What is expected —
Excerpt from the entries below: please repeat exactly the lines from the one containing "Z Kielc wprost" through the last one, both ends included, with no pictures.

Extracted material —
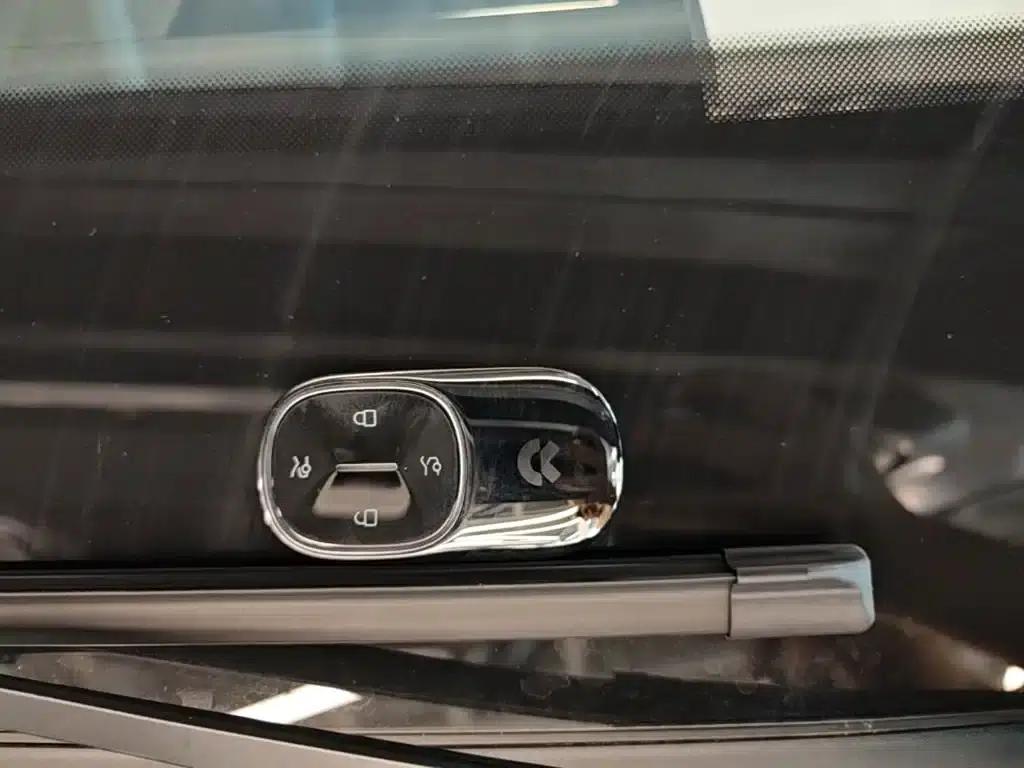 NIO ES8 2026 Model Six-Seat Executive Signature Edition — миниатюра 9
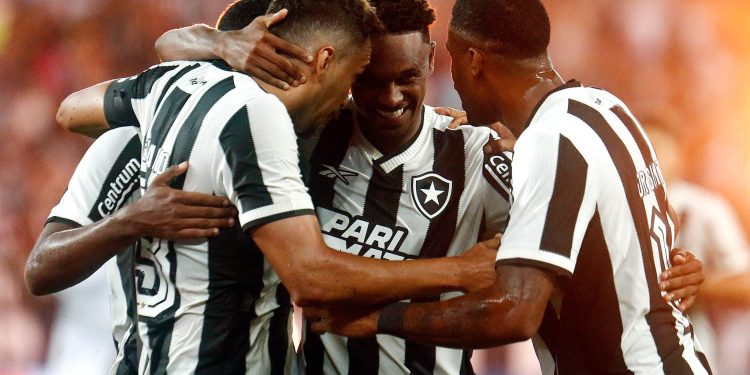 Além de Danilo, Palmeiras busca mais um reforço no Botafogo 1 Créditos: Vitor Silva / Botafogo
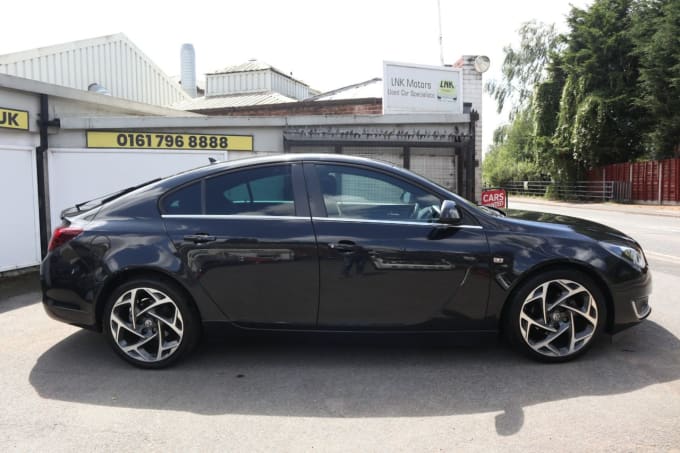 2025 Vauxhall Insignia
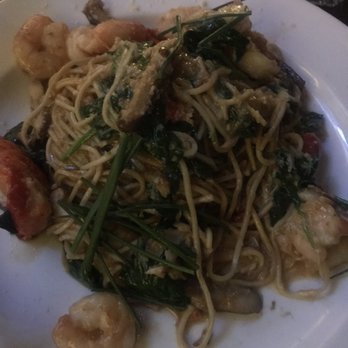 Yard House - Lobster noodles - New American Near Me - Orlando, Florida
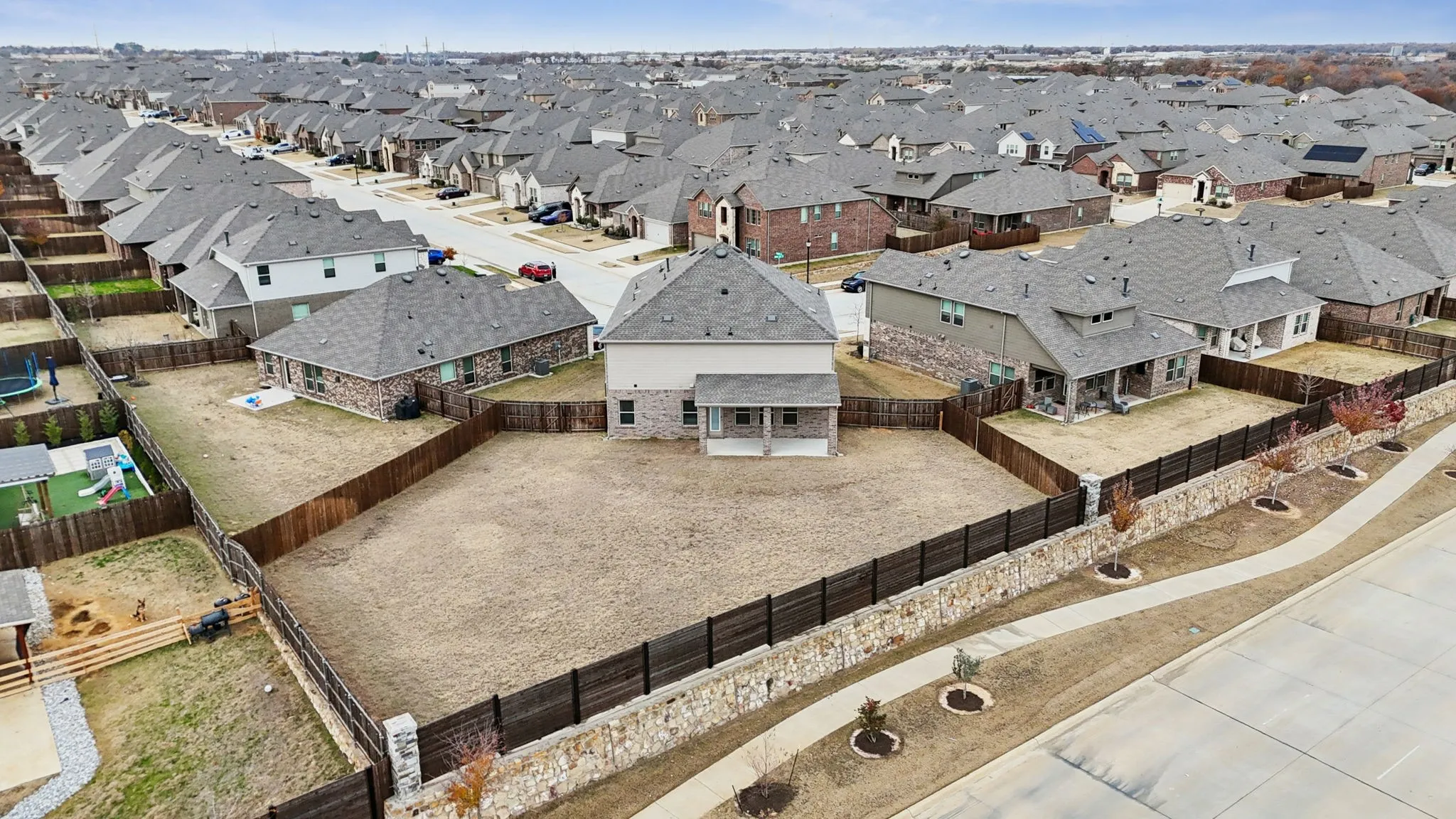 Single Family Residence For Rent in Denton County , 3400 Honey Hill Road, Aubrey, Texas 76227, 5 Bedroom, 4 Bathroom, 2 Garage spaces, 3,382 Sqft, built in 2023, mls#21370446, Real Estate Agent in Aubrey, Homes For Rent in Denton county, Homes For Rent in Aubrey, Realtor in Aubrey Texas, Real Estate Brokerage Independent Realty Texas, Luminita Cordes Realtor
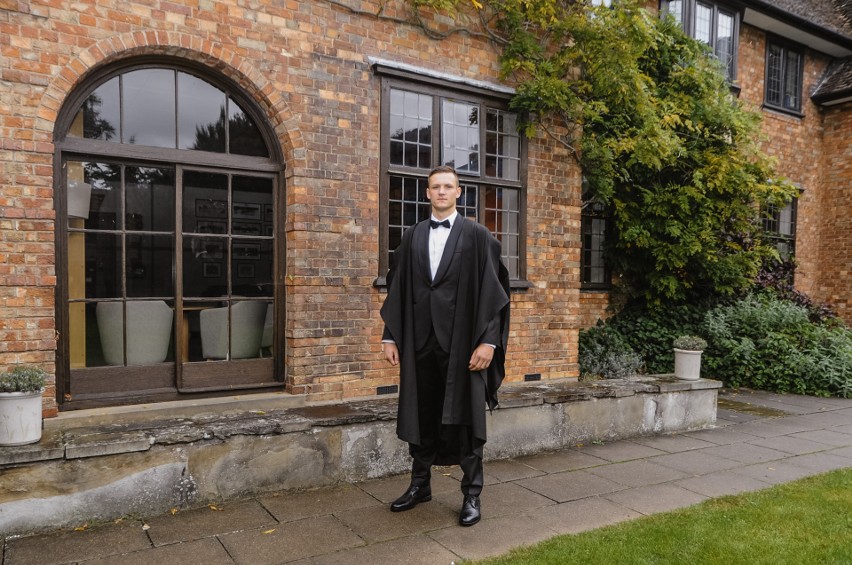 Z Kielc wprost na Cambridge. 25-letni Michał Słowak ukończył najbardziej prestiżowe uczelnie na świecie. Swoją wiedzą podzieli się z innymi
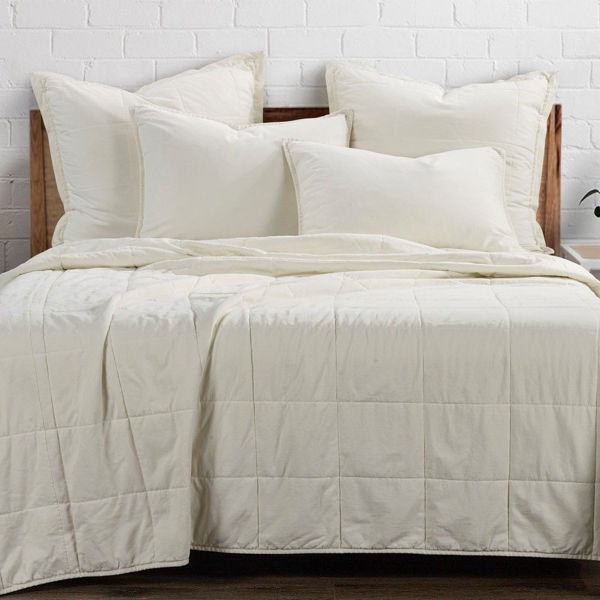 Picture of Stonewashed Cotton Canvas Coverlet Set - Natural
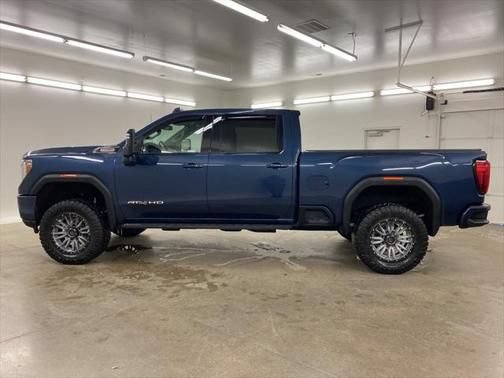 Used 2022 GMC Sierra 2500 AT4 w/ Gooseneck/5TH Wheel Package AWD/4WD image 8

Answer box —
 Z Kielc wprost na Cambridge. 25-letni Michał Słowak ukończył najbardziej prestiżowe uczelnie na świecie. Swoją wiedzą podzieli się z innymi
 Picture of Stonewashed Cotton Canvas Coverlet Set - Natural
 Used 2022 GMC Sierra 2500 AT4 w/ Gooseneck/5TH Wheel Package AWD/4WD image 8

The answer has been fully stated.